KIM Botfield says there's something about mining opal that gets under your skin, like a tattoo that can never be erased.

"Some people are addicted to alcohol and some people are addicted to drugs," he says. "When you get the opal bug, mate, it's very hard to get away from the bloody thing. It's like being a hunter and the opal is your prey." You can track it and stalk it for years, always thinking it's in the next bucket load. And then one day, when all hope seems lost, you'll spot a flash of colour in the dull, brown clay. "There's nothing like it on this Earth."

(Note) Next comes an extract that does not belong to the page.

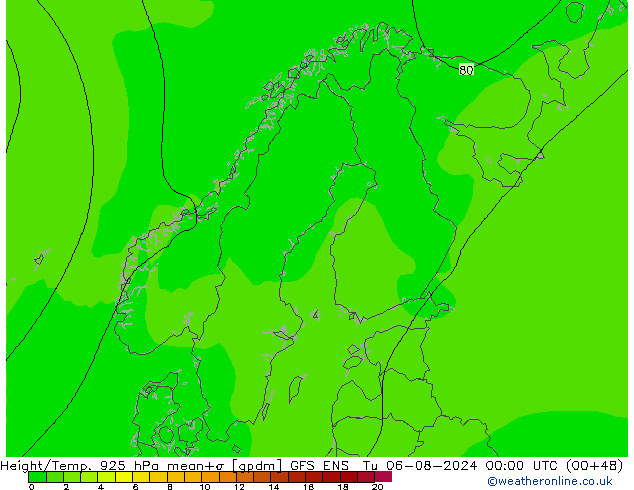 Hoogte/Temp. 925 hPa GFS ENS di 06.08.2024 00 UTC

Woe betide anyone who gets between a hunter and his prey, a junkie and his stash. The consequences for these thieves, these ratters, can be dire.

We sit chatting in the "Club in the Scrub" at Grawin, a drinking shed built from poles of bush pine and tin in the opal fields an hour's drive west of Lightning Ridge, in NSW's far northwest. When tourists arrive here, even Australian tourists, they feel they've discovered the real Outback - car bodies, old mining equipment and white mullock heaps sit in the arid, rocky landscape. It's like Mad Max without the highway. Old-timers lament that this is what Lightning Ridge was like 40 years ago.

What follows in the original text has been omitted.